* [Input]:
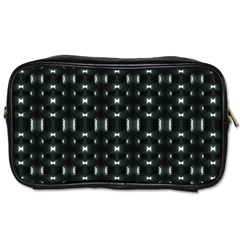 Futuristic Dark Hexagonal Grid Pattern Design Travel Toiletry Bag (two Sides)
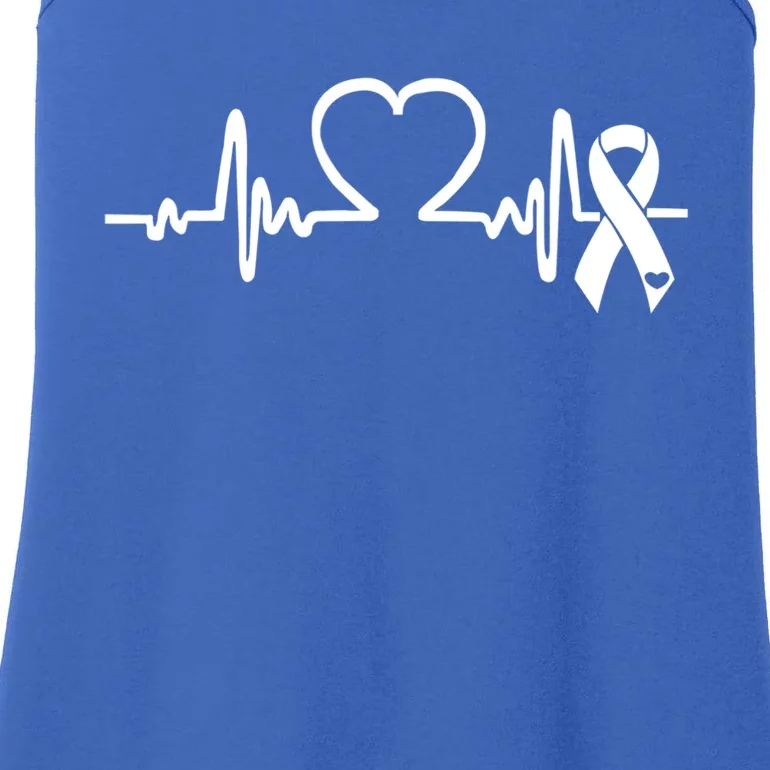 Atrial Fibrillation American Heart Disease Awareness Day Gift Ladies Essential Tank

==

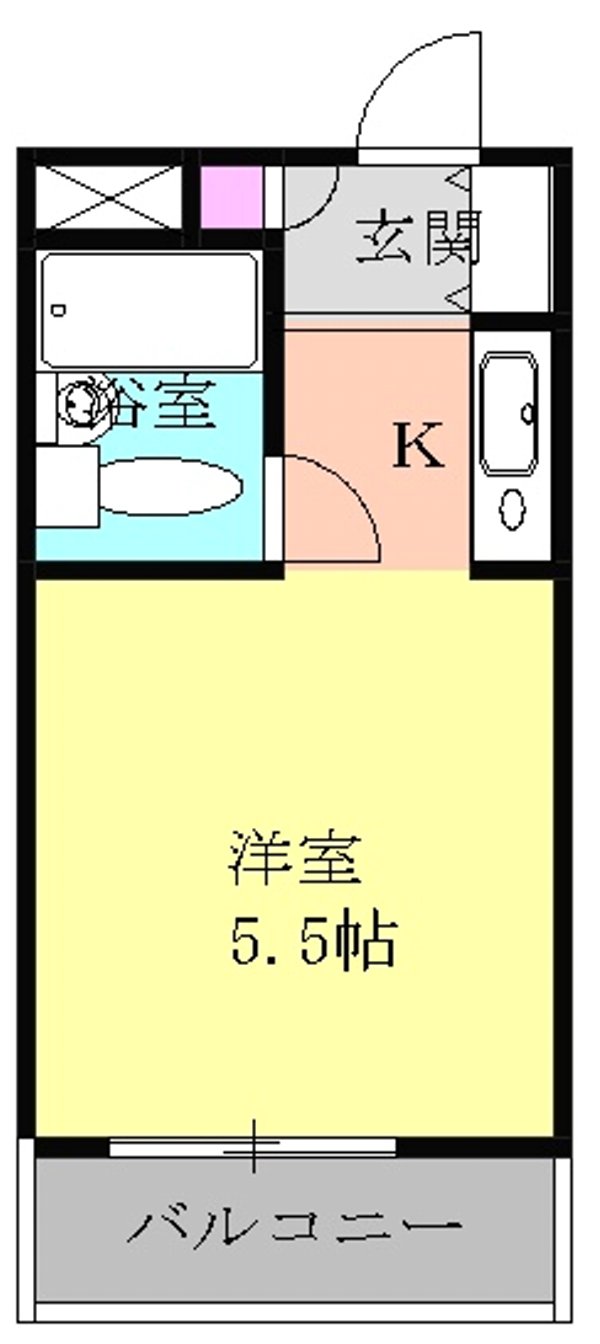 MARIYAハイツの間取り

...

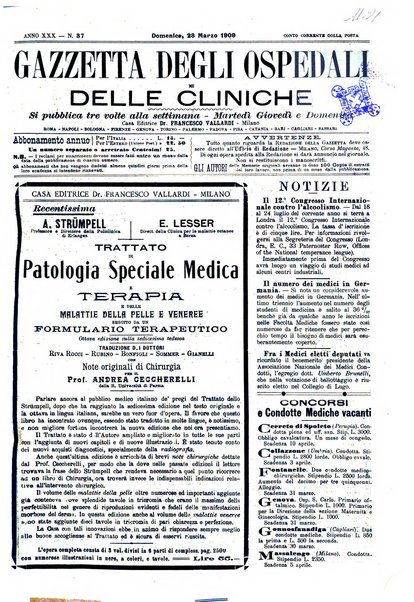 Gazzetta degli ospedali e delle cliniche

* [The problem]: From the records above, return exactly the lines running from the one that contains "Futuristic Dark Hexagonal" down to the one that contains "Atrial Fibrillation American", both included, without any pictures.

* [Solution to this task]:
 Futuristic Dark Hexagonal Grid Pattern Design Travel Toiletry Bag (two Sides)
 Atrial Fibrillation American Heart Disease Awareness Day Gift Ladies Essential Tank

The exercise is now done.